### What is required:
Below are several entries. Transcribe exactly those lines that fall from the one with "oslony-odboje-bmw-5-e60-7-e65-e66-e67-2-0-4-8" through the one with "Nichia NF2W757DRT-V1 1699865", end lines included.

### Provided data:
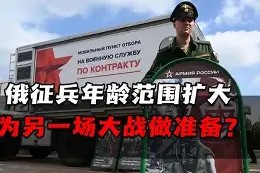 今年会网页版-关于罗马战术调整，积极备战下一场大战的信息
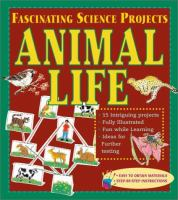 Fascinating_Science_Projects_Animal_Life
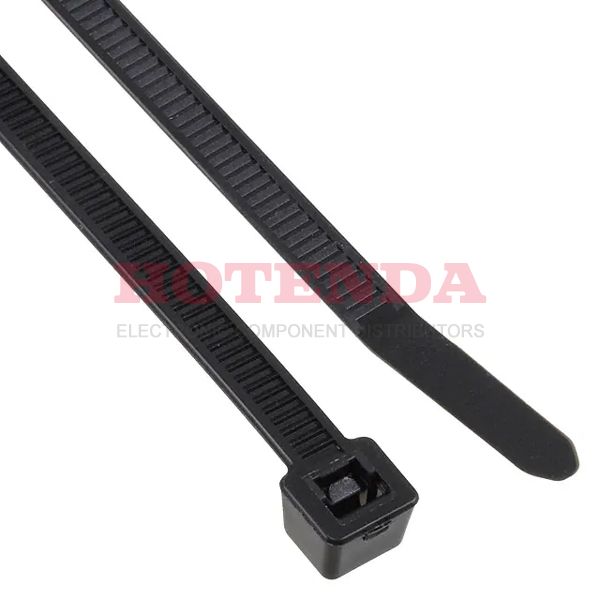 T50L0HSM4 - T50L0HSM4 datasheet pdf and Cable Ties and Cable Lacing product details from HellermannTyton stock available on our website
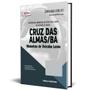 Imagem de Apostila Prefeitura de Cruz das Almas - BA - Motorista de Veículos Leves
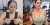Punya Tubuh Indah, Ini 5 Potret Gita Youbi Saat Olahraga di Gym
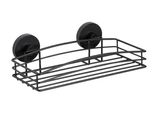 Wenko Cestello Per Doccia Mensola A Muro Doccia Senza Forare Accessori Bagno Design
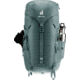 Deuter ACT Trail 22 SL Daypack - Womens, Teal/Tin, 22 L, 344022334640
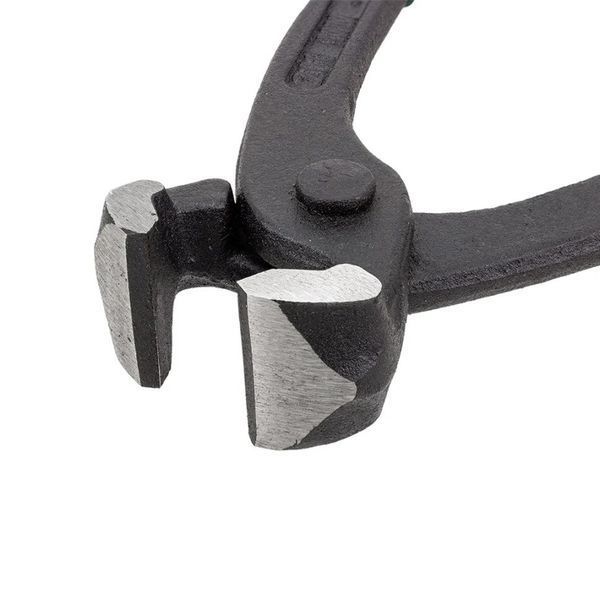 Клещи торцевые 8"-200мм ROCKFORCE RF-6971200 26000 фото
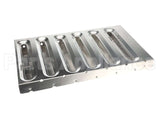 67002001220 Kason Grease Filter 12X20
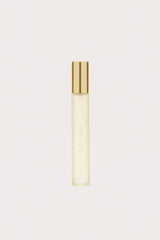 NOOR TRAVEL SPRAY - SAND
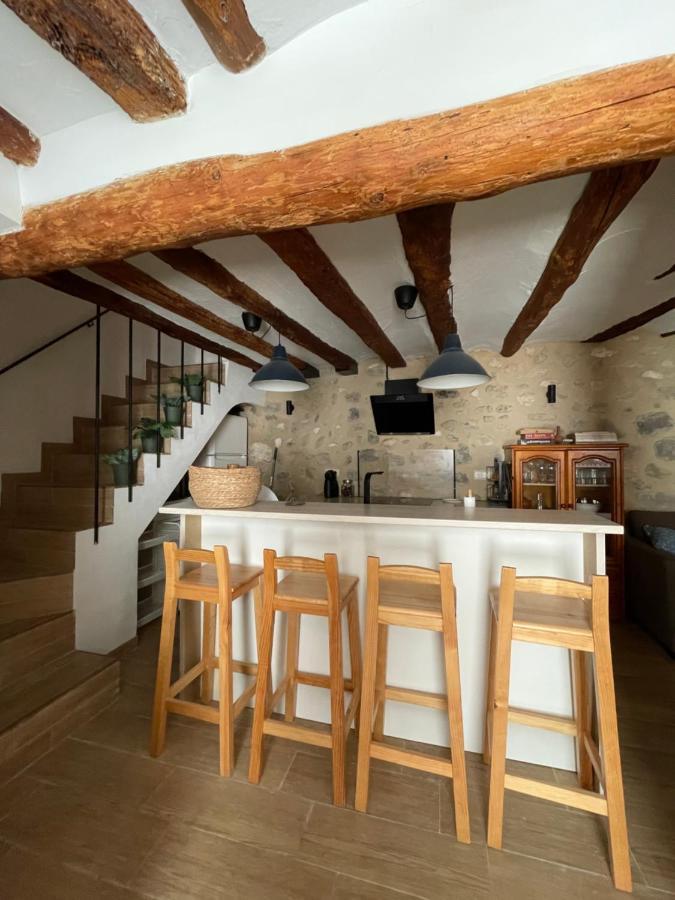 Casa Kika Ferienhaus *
* * *
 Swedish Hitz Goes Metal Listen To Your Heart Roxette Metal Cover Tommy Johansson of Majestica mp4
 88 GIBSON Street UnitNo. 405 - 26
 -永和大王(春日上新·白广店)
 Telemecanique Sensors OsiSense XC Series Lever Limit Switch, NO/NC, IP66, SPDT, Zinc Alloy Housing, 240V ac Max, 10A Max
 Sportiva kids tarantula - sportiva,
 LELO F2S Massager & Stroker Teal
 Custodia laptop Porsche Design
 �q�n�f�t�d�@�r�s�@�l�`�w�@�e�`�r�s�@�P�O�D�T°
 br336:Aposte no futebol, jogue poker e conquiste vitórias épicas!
==
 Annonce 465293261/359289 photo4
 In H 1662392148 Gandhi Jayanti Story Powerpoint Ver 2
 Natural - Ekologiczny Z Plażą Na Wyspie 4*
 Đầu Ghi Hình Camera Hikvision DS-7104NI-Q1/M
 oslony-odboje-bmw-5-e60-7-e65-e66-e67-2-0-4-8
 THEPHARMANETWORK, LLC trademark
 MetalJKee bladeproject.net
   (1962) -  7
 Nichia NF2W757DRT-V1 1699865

### Result for this task:
 oslony-odboje-bmw-5-e60-7-e65-e66-e67-2-0-4-8
 THEPHARMANETWORK, LLC trademark
 MetalJKee bladeproject.net
   (1962) -  7
 Nichia NF2W757DRT-V1 1699865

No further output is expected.